## Work instructions
What you write must match, character for character, the lines from the one with "Водитель простоял на" down to the one with "Gubernur Arinal Djunaidi" in the listing below, minus its pictures.

## Exercise data
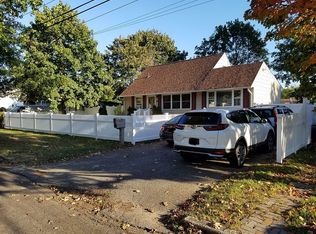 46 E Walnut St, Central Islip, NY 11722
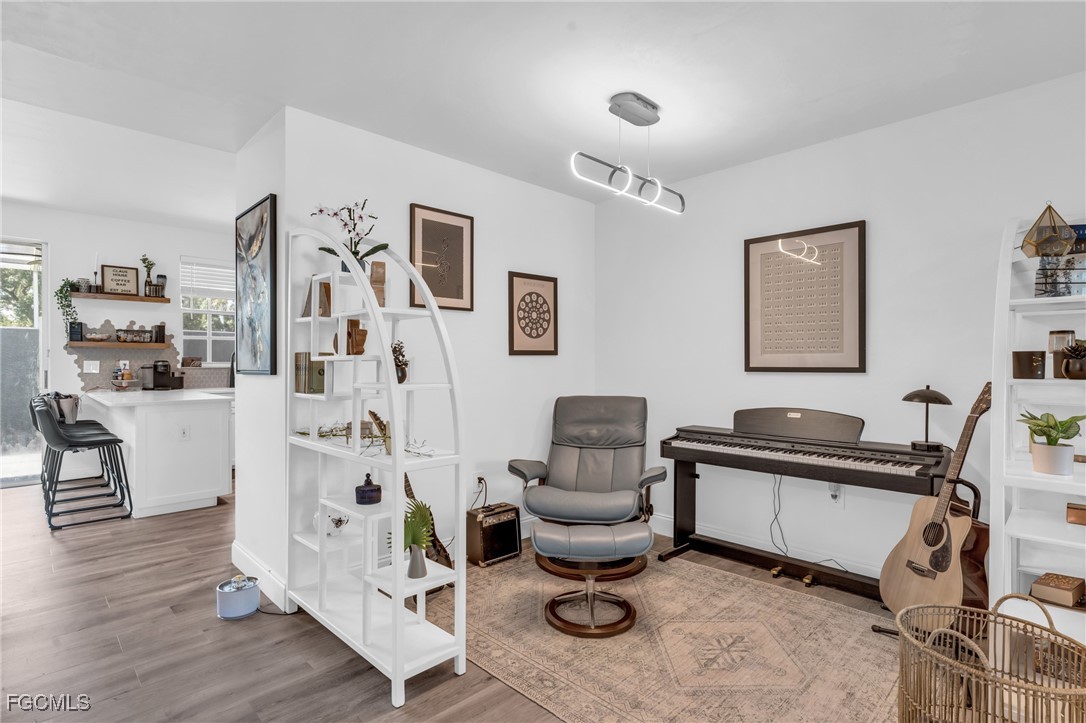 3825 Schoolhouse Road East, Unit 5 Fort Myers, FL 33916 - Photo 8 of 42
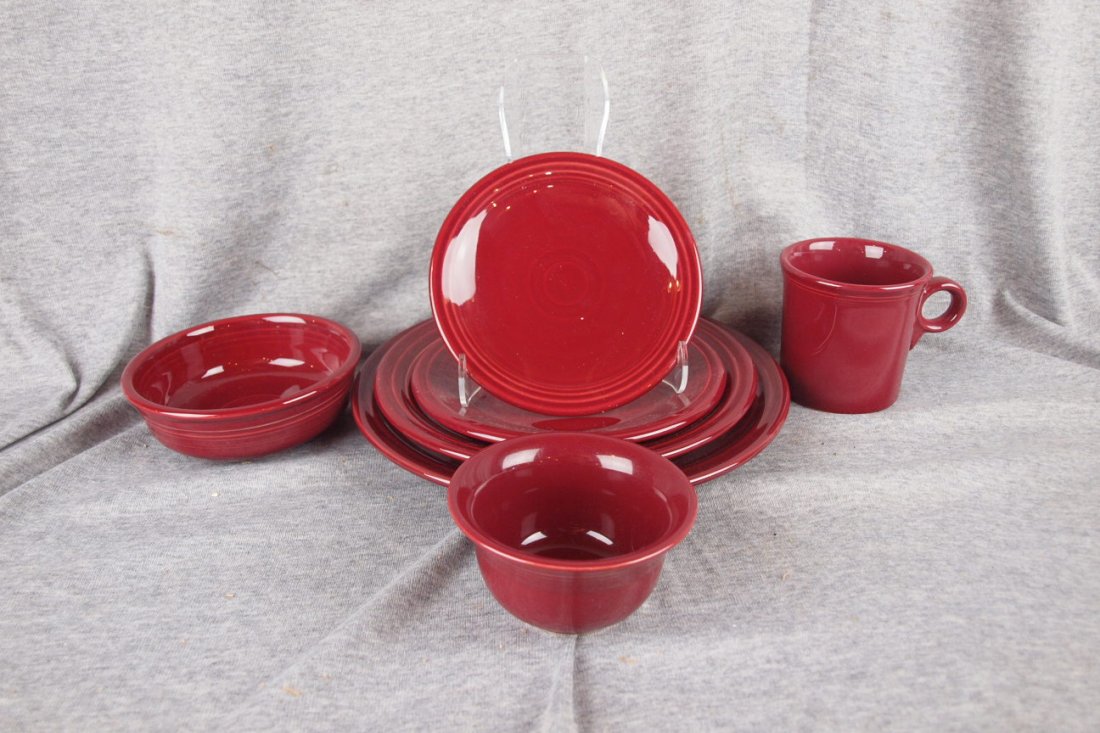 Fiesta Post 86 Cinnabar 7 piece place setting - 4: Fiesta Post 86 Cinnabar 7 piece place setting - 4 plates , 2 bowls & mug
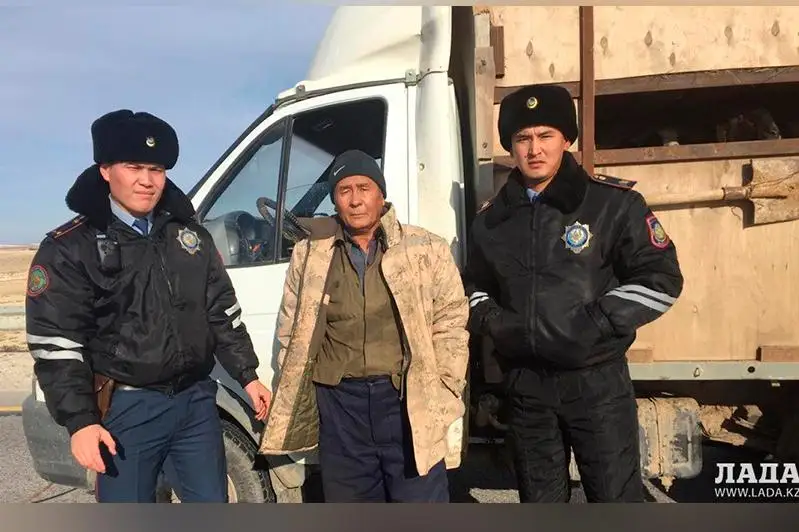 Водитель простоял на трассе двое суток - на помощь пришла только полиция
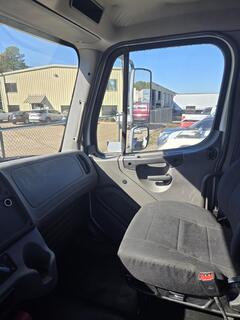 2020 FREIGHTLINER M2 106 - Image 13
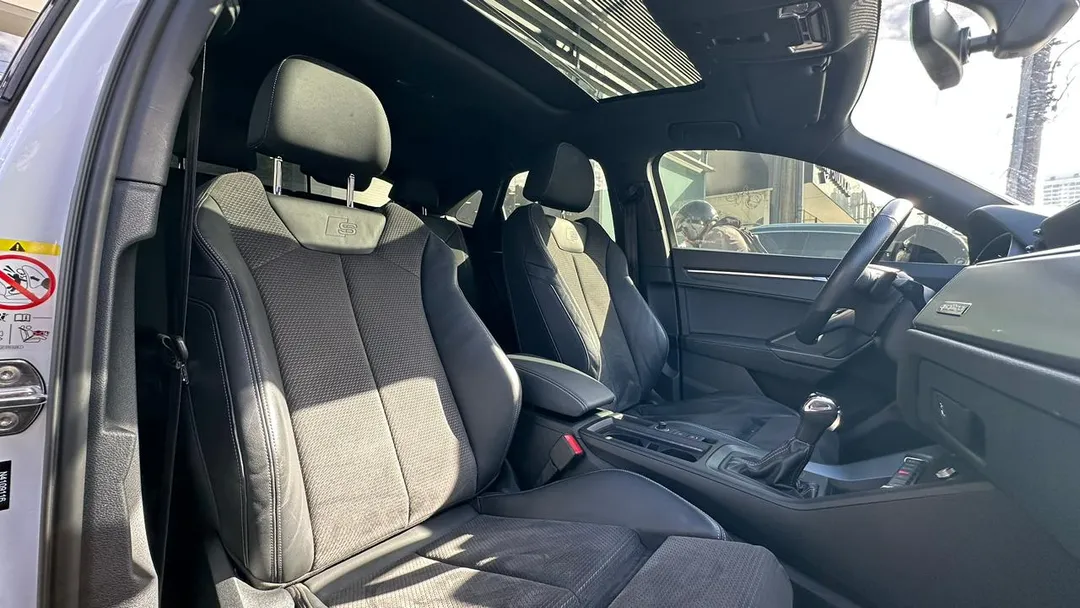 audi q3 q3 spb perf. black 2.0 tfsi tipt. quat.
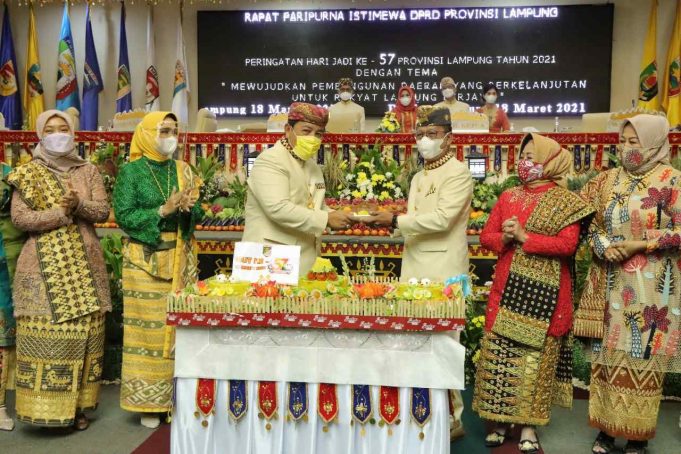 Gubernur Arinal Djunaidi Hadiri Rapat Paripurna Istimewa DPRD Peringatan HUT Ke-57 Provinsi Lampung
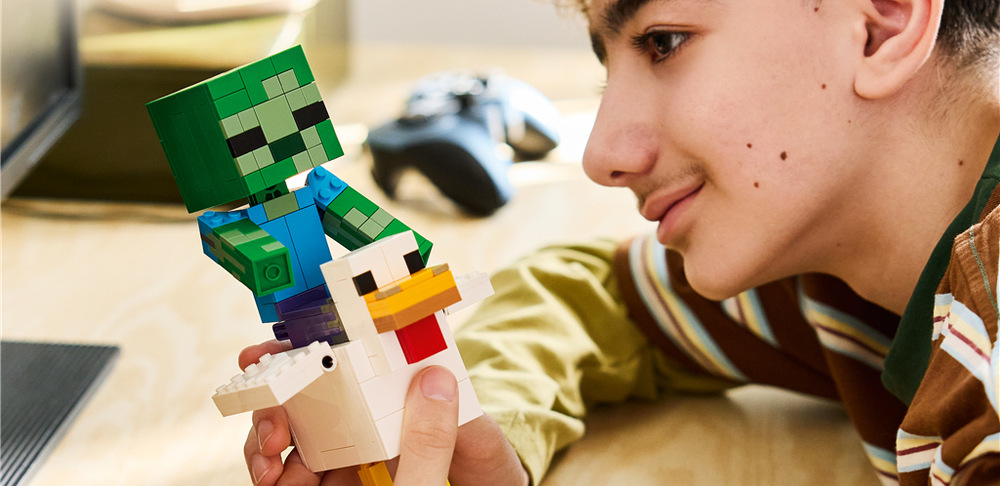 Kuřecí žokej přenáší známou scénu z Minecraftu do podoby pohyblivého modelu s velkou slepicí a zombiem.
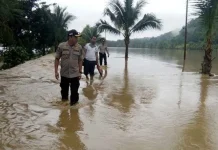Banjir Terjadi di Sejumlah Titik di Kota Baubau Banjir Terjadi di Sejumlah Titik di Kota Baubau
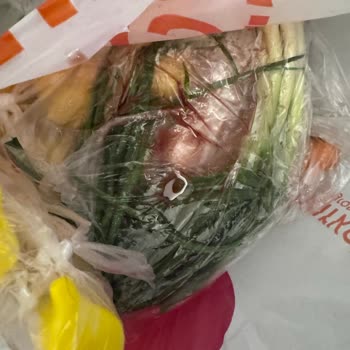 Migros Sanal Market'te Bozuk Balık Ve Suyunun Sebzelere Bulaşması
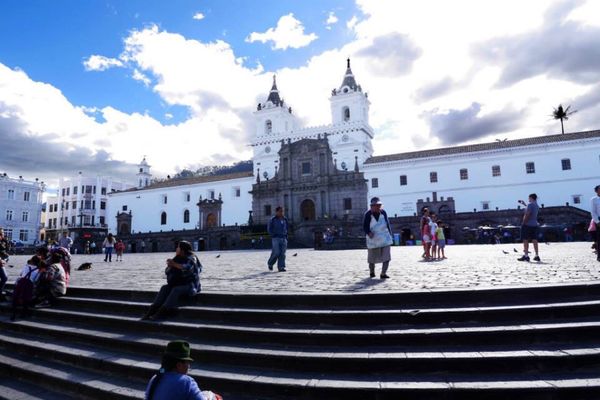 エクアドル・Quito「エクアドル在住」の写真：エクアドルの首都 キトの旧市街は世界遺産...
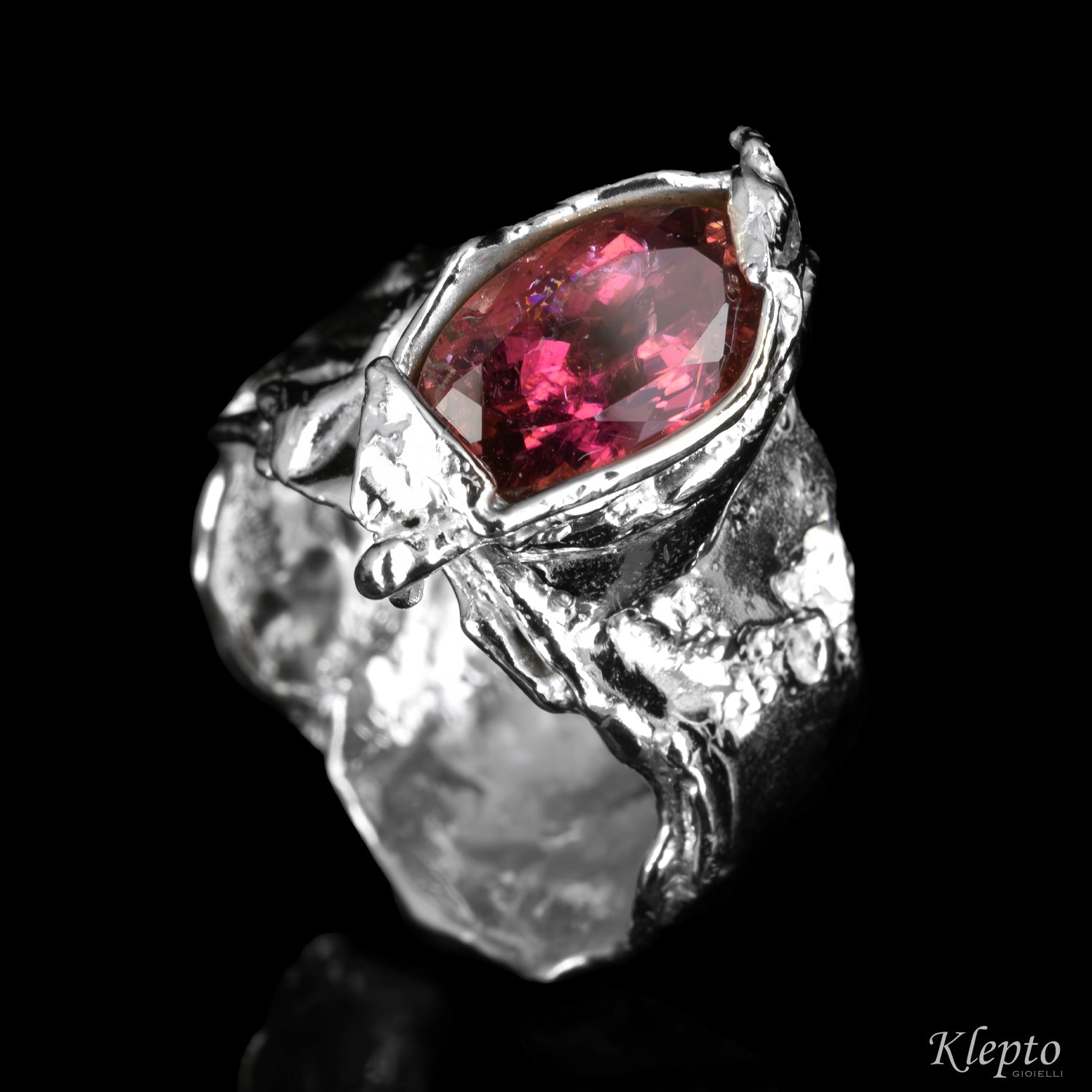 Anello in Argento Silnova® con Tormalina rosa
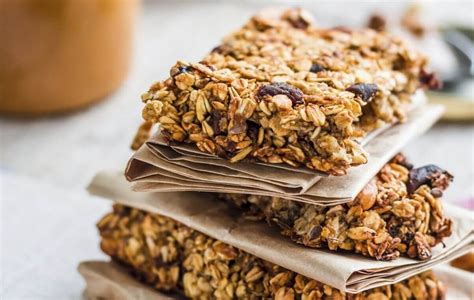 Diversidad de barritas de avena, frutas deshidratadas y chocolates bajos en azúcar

## Output for this task
 Водитель простоял на трассе двое суток - на помощь пришла только полиция
 2020 FREIGHTLINER M2 106 - Image 13
 audi q3 q3 spb perf. black 2.0 tfsi tipt. quat.
 Gubernur Arinal Djunaidi Hadiri Rapat Paripurna Istimewa DPRD Peringatan HUT Ke-57 Provinsi Lampung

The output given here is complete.